Completato un altro punto del piano P2
Anche il presidente della commissione parlamentare di Vigilanza sulla Rai, Roberto Fico del M5S, ha attaccato il provvedimento definendolo una “legge Gasparri 2.0”, denunciando che “in pericolo ci sono il pluralismo e la libertà di informazione con gravi conseguenze per gli equilibri democratici”. A sua volta il chiamato in causa, il senatore di FI Maurizio Gasparri, ha auspicato che sia la Consulta a bocciare “una leggina che sarà stracciata per la sua palese illegalità”, in cui “comanda tutto un amministratore delegato scelto dal governo, negando quattro sentenze della Corte costituzionale”. Ma la sua è solo una ripicca per il fatto che sia stato Renzi a completare quel che lui stesso aveva portato a buon punto per conto di Berlusconi. Così che ora è il piduista di Rignano a coglierne i frutti invece che il piduista di Arcore.
Ma il disegno è sempre lo stesso: quello scritto nel piano della P2, che non a caso tra i suoi punti metteva anche quello del “dissolvimento della Rai” come servizio pubblico e del suo diretto controllo da parte del governo. Un disegno cominciato a essere attuato già con Craxi e Berlusconi, attraverso la legalizzazione delle tv private e la creazione dell'impero Mediaset, protetto da tutti i governi di destra e di “sinistra” che si sono succeduti fino ad oggi, compreso l'attuale, e che ora si realizza compiutamente con la controriforma della Rai attuata dal nuovo duce Renzi.
E già Renzi e Campo Dall'Orto lavorano alacremente al nuovo organigramma dei direttori di rete e di tg che, manco a dirlo, vedono in pole position altri personaggi fabbricati in vitro nel laboratorio mediatico della Leopolda. Non a caso, appena approvata la legge, il rappresentante del PD in commissione Vigilanza, Michele Anzaldi, ha ricominciato ad attaccare il tg3 presentando una denuncia all'Agcom perché avrebbe la tendenza “a favorire l'opposizione a discapito delle forze di maggioranza” (sic): segnale eloquente di un imminente “cambio di passo” alla testa di un tg ritenuto ancora non abbastanza allineato con la nuova segreteria PD, nonostante gli sforzi del sempre servizievole Maurizio Mannoni.

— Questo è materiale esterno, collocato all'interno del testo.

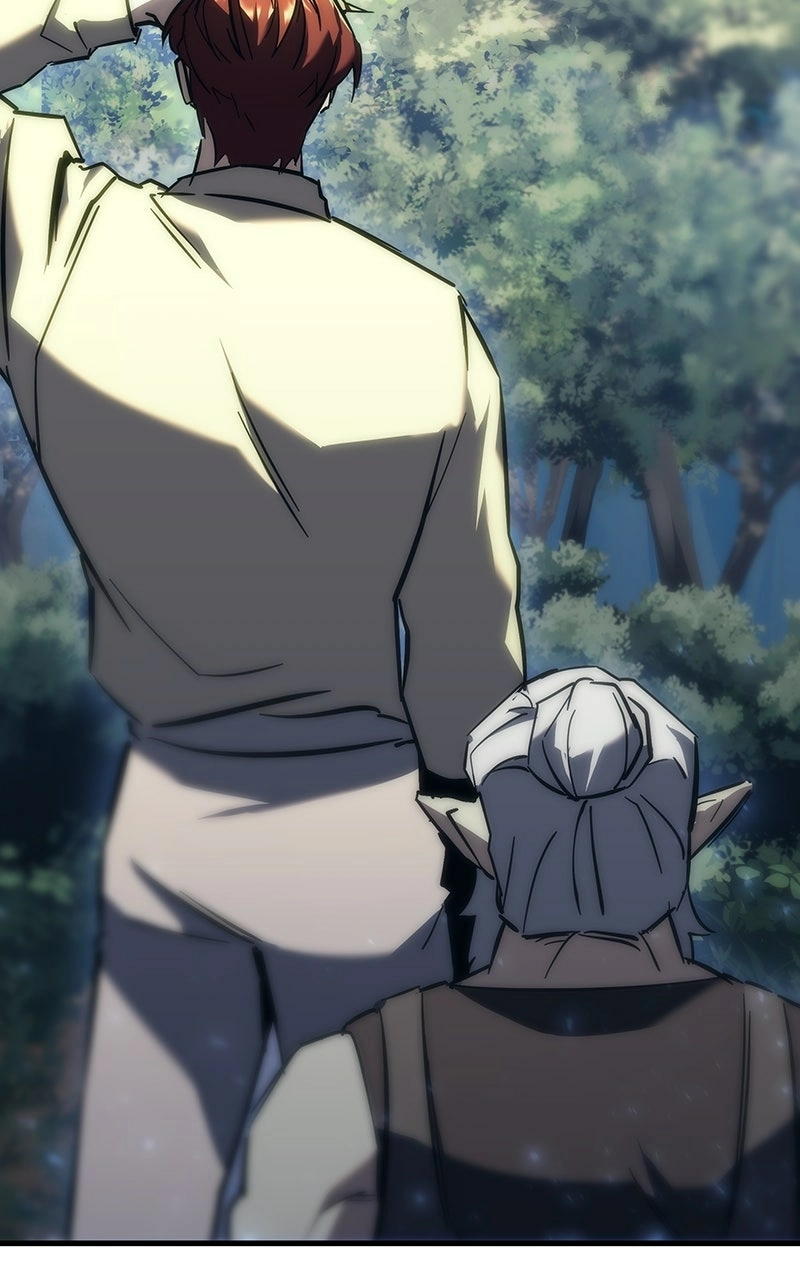 Read Regressor of the Fallen family Manga Online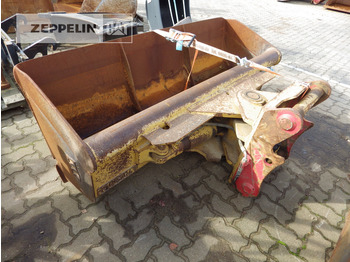 Kašika za bager CATERPILLAR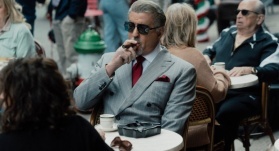 Король Талсы 3 сезон 1 серия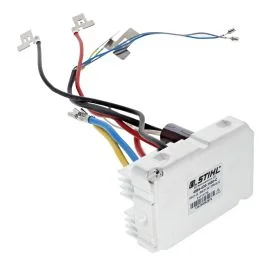 Electronic Module for Stihl TSA 230 Cut-Off Saw – OEM No. 4864 430 1400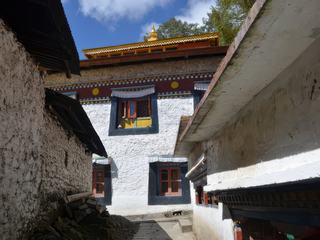 Tawang, un bout d'Himalaya – Inde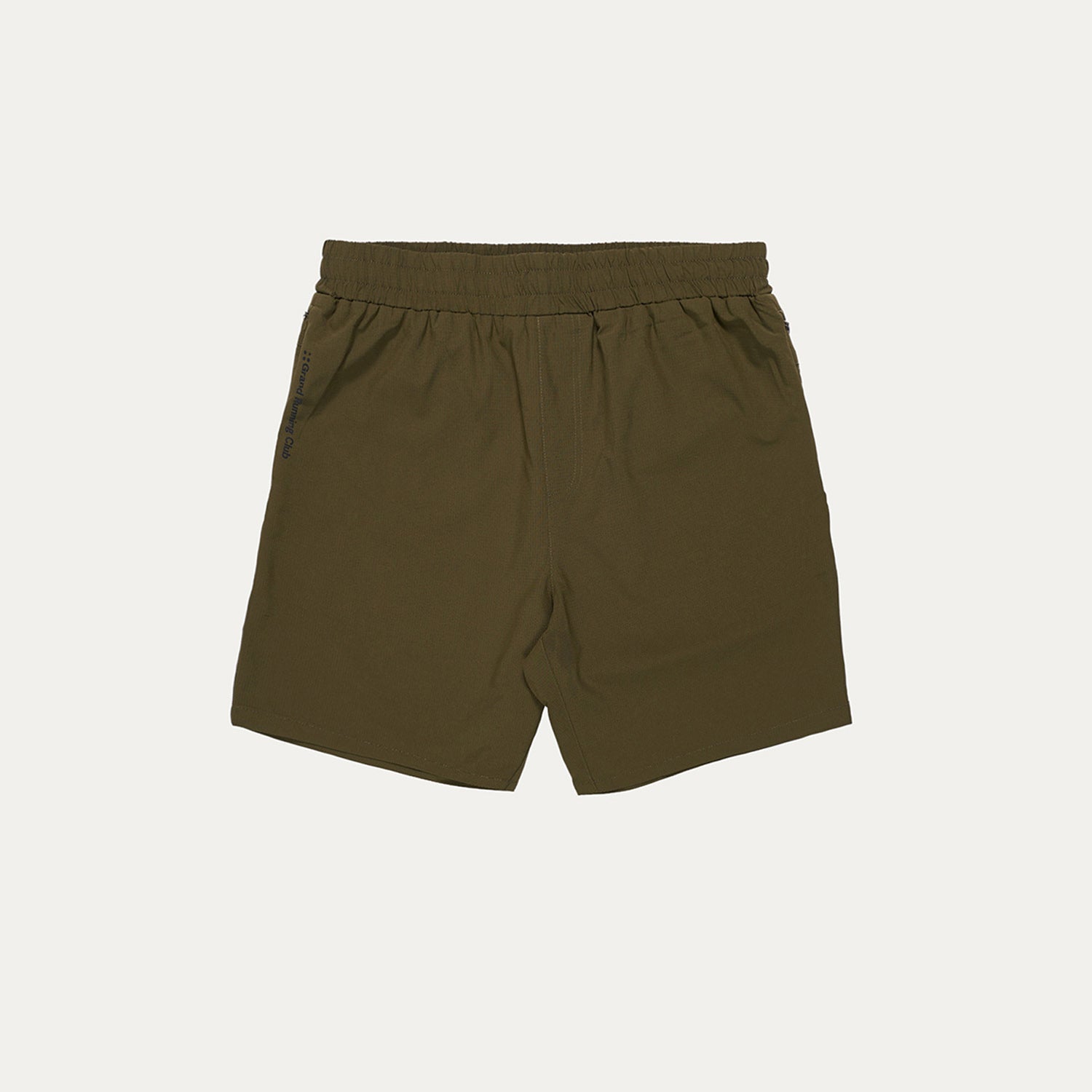 Paris 9" Classic Fit Short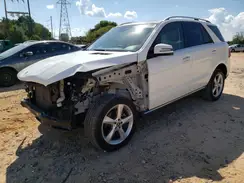 4JGDA5HB9HA923869 2017 MERCEDES-BENZ GLE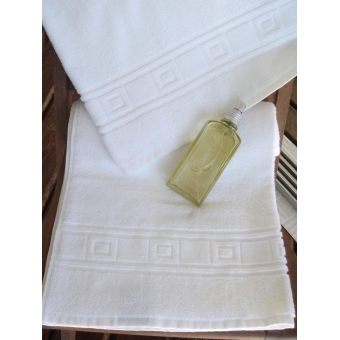 Linha de toalhas Premium Hotelaria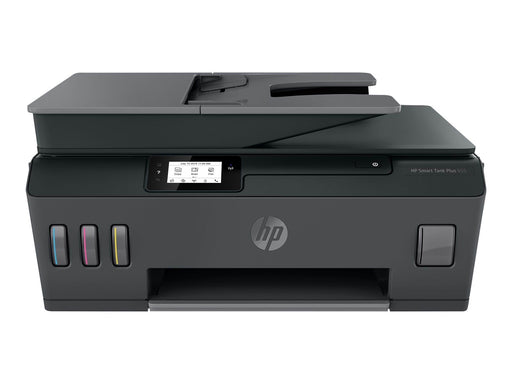 HP Smart Tank Plus 655 Wireless All-in-One Multifunktion - Farbe - Tinte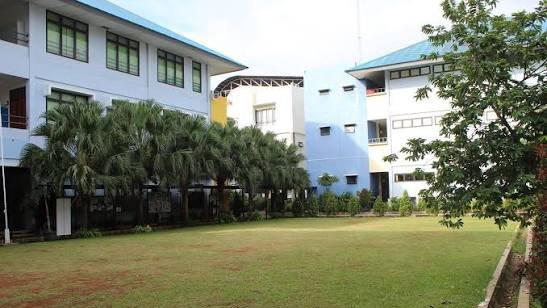 Nurul Fikri Islamic School Depok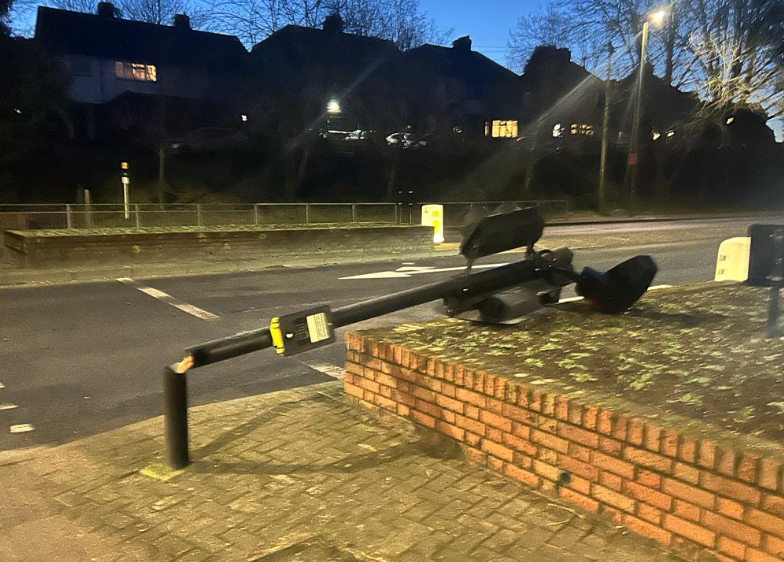 Bromley Borough Lib Dems tweet media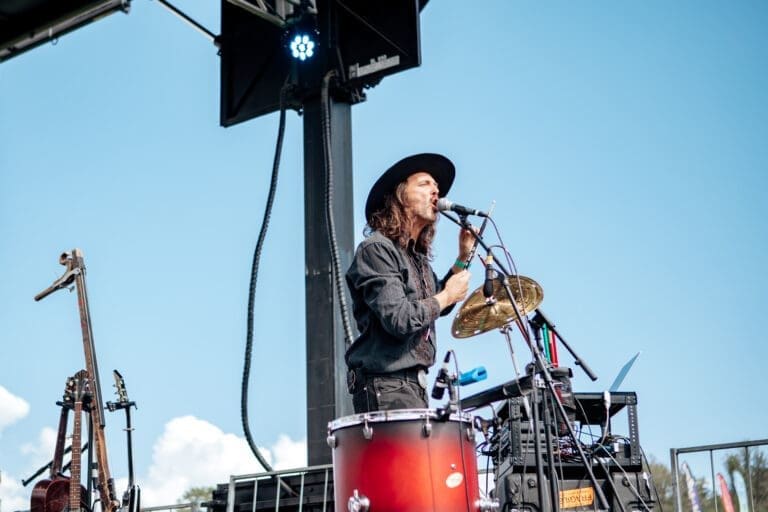 Pure Imagination Festival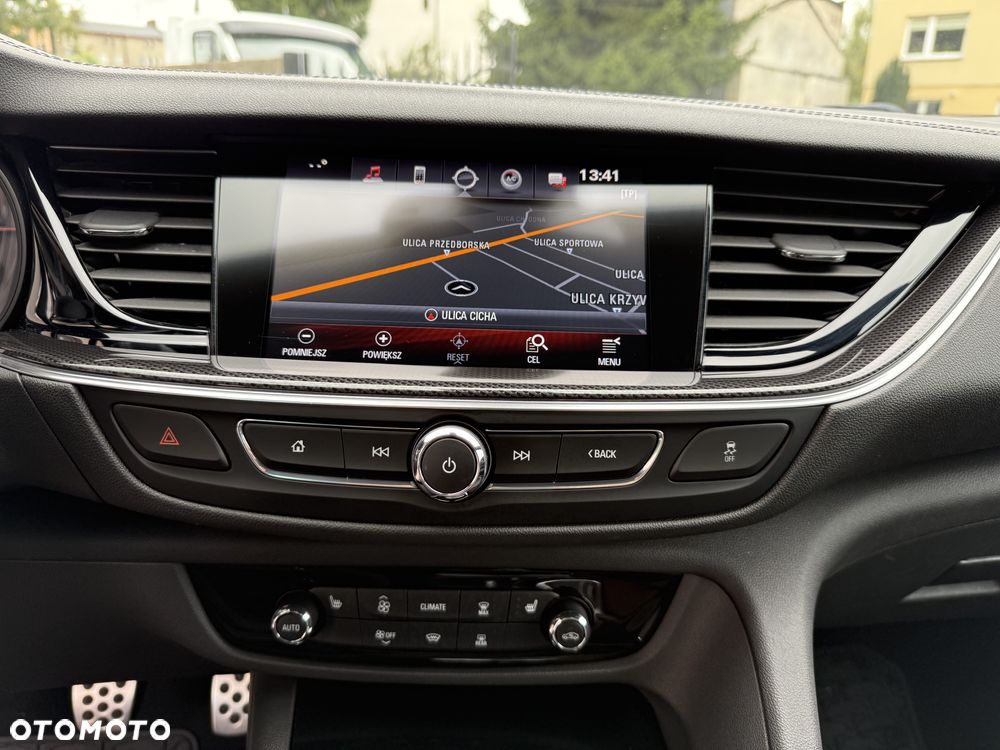 Opel Insignia 2.0 CDTI Sports Tourer ecoFLEXStart/Stop Innovation - 15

Significativo poi che Mattarella non abbia profferito verbo su questo ennesimo golpe piduista di Renzi, limitandosi a controfirmarlo alla stregua di un atto di ordinaria amministrazione: ma non era stato proprio lui, nel 1990, a dimettersi da ministro in dissenso con la legge Mammì che legalizzava le tv abusive di Berlusconi? Evidentemente o ha perso la memoria o sta continuando ancora a pagare pegno per la dorata poltrona del Quirinale che gli ha procacciato il nuovo duce.